Sequence organizers are a type of graphic organizer that help students to see the sequential relationship between events in a text. They can show a process or portray an event sequence in a simplified manner. They can help students identify cause-and-effect relationships. A graphic organizer can be also known as a knowledge map, a concept map, a story map, a cognitive organizer, an advance organizer, or a concept diagram. They are used as a communication tool to employ visual symbols to express knowledge, concepts, thoughts or ideas, and the relationships between them.

== Types ==

- Topic or knowledge maps visually depict where items of information exist.
- Concept maps illustrate relationships between two or more concepts.
- Story maps identify the elements of a story and the main storyline.
- Webs show how information categories relate to one another.
- Mind maps visually represent central ideas surrounded by connected topics and subtopics.

== Teaching ==

When students read a text that outlines a story, process or series of events, it can be useful to put the information in a sequence. Breaking down information into sections can make it easier to understand as a whole. Moreover, large pictures help emphasize the core meaning along with practical demonstrations. A graphic organizer can be used as a teaching tool in two ways:

- From graphic organizer to text – A completed sequence organizer is used to create a piece of writing based on the information it contains.
- From text to graphic organizer – A sequence organizer is used to simplify, in note form, events in a sequential order. This is often used by teachers to check student's comprehension of a text.

=== More ideas ===

Students who need more help can be provided with key events already written in the left hand arrows.

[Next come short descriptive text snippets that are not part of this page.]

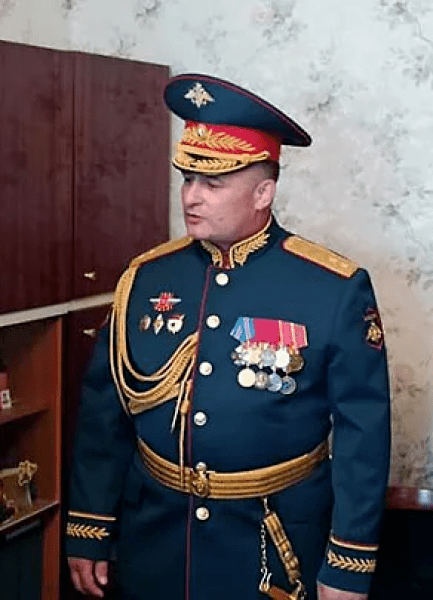 генерал сычевой dqxikeidqxitkant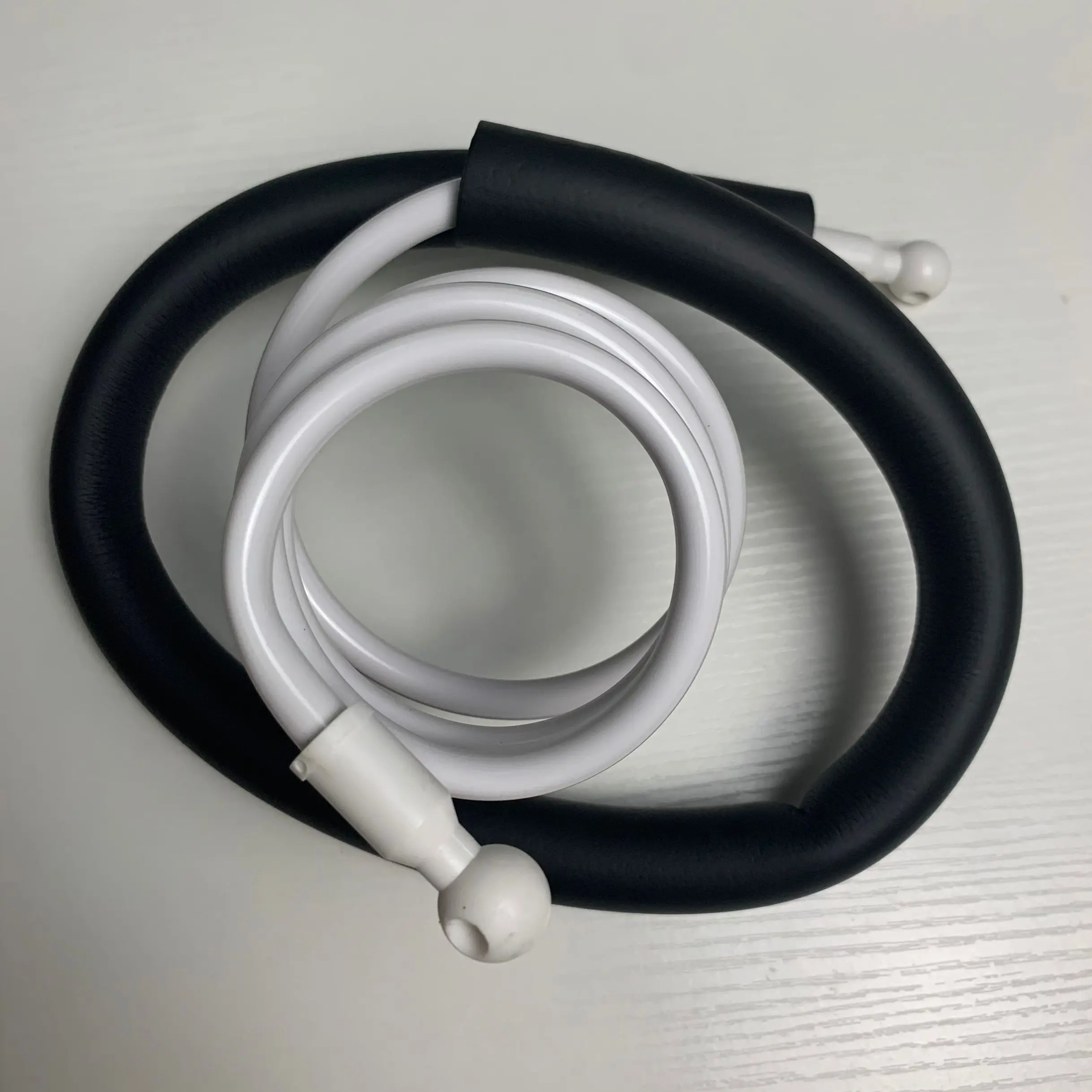 Pet Grooming Hanging Neck Dog Hair Dryer Bracket Beautician Dedicated Anti Crooked Accessories Effort And Ease Stents Pet Grooming Hanging Neck Dog Hair Dryer Bracket Beautician Dedicated Anti Crooked Accessories Effort And Ease Stents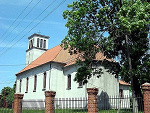 Fotoblog naszewioski0056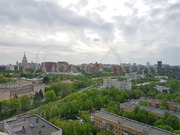 Москва, 7-ми комнатная квартира, ул. Мосфильмовская д.8, 180000000 руб.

If students are reading different sections of the same text, such as a jigsaw activity, they should complete a particular portion of their organizer. When the classmates assemble, they can exchange their portions to make notes of important information of other sections.

Organizers can be used as a platform to prepare a rough draft for a narrative text, or a summarize review of sequential information from more than one textual source or learning experience.